*What is expected*. Make an exact copy of the data below, leaving out every picture.

*Data shown*.
Start of Block

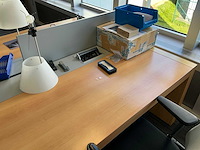 Bureau opstelling - afbeelding 6 van  7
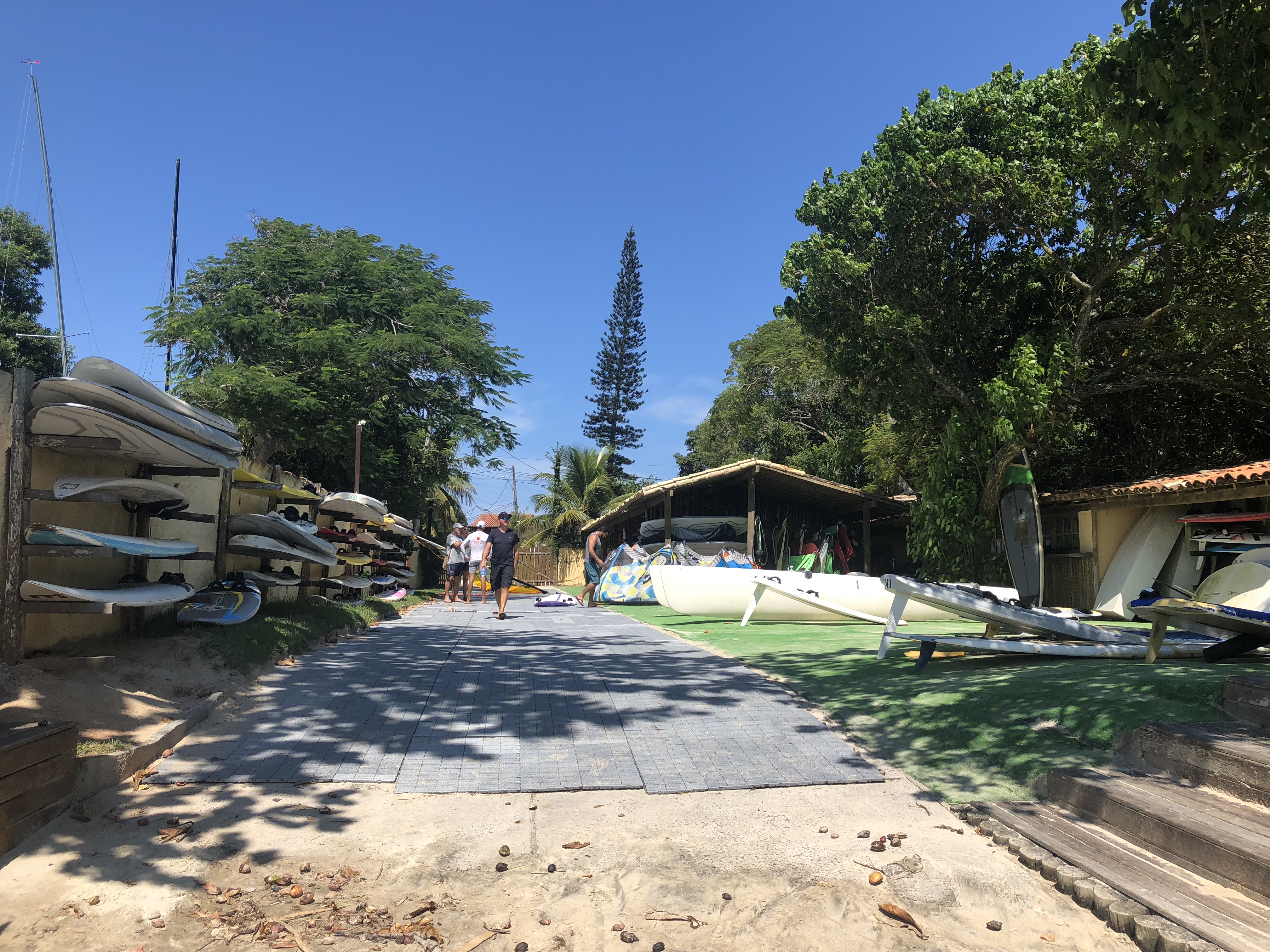 Ricardo Winicki, aka Bimba surfing school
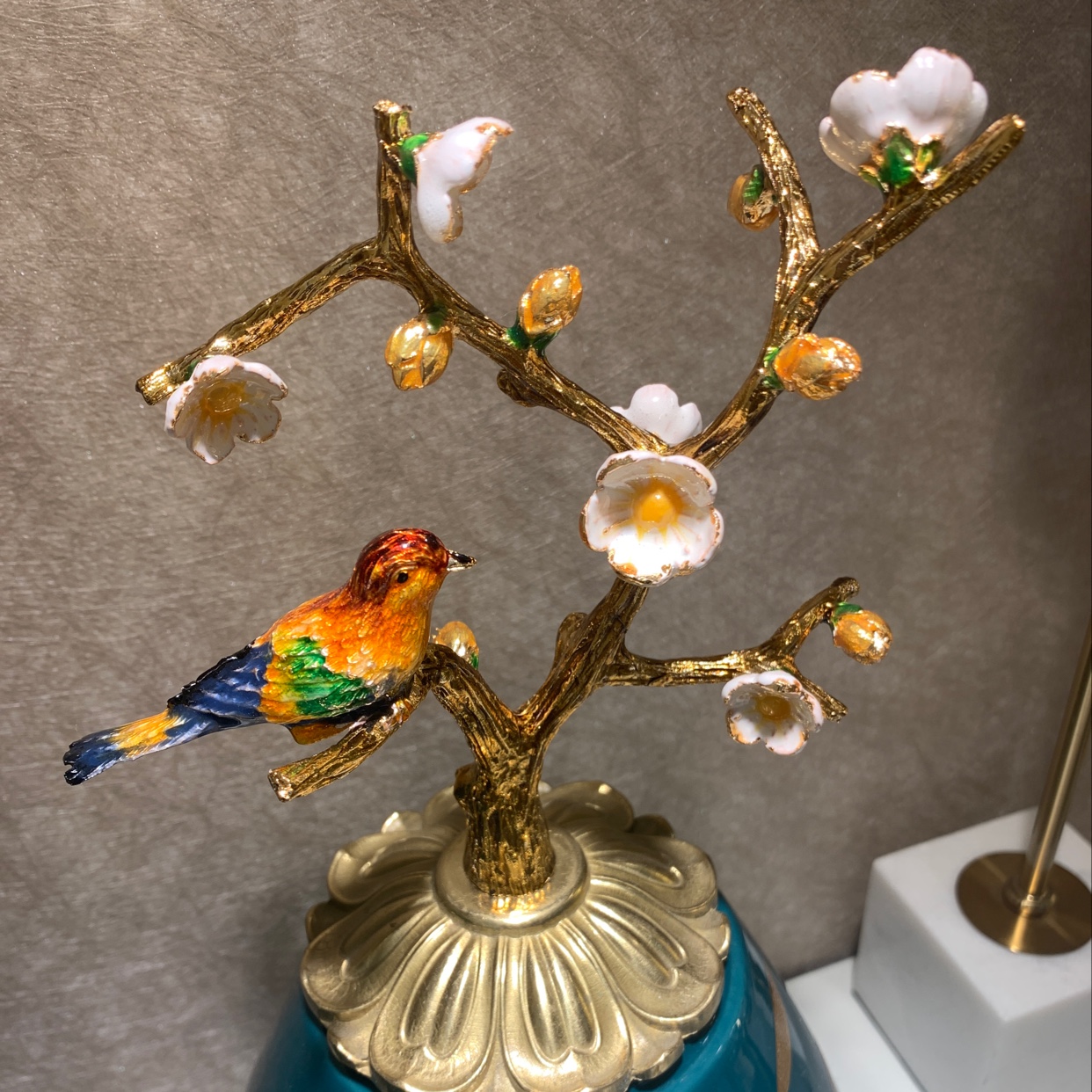 Painted handicrafts Specification image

End of Block

*Exercise answer*.
 Bureau opstelling - afbeelding 6 van  7
 Ricardo Winicki, aka Bimba surfing school
 Painted handicrafts Specification image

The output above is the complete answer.